Et aujourd'hui, j'enchaîne avec le deuxième tome de « Confessions animales : bestiaire II ».
Encore une fois, la poésie des textes de Bouchard est très prenante. J'ai adoré partager l'intimité de la faune boréale pour une deuxième fois.
Bien que cette fois on sente une sorte d'urgence dans la prose de Bouchard, la magie des mots opère toujours.

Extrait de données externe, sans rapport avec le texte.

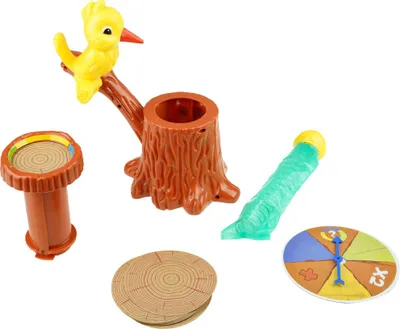 Produktbild von Doktor Woodpecker und das verrückte Käferspiel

Et en lisant certains textes, on comprend que le sentiment d'urgence est justifié, ne serait-ce que pour l'aspect éphémère de la vie de certains animaux, alors que d'autres sont plutôt victimes de leurs voisins humains, de plus en plus envahissants.
Bref, encore un livre à savourer pour la poésie des mots, et pour les images sublimes fournies par plusieurs artistes illustrateurs.
Un solide 9 signets sur 10.
Commentaires
Ça m'a l'air intéressant tout ça... :)
Prose élégante
Moi aussi je viens de lire le Bestiaire II. En fait, je n'ai pas lu le premier, mais j'ai bien le goût de m'y atteler!
Ce qui me fascine, c'est qu'on dirait que les animaux parlent tous véritablement à travers Serge Bouchard; je veux dire que c'est toujours la même voix, celle de Serge B., mais les animaux se caractérisent vraiment par leurs propos. Le ton, lui, est étonnamment uniforme, avec un rythme très particulier, plein d'énumérations, et les images sont souvent frappantes, comme tu l'as souligné. Il nous fait bien prendre conscience de l'urgence écologique.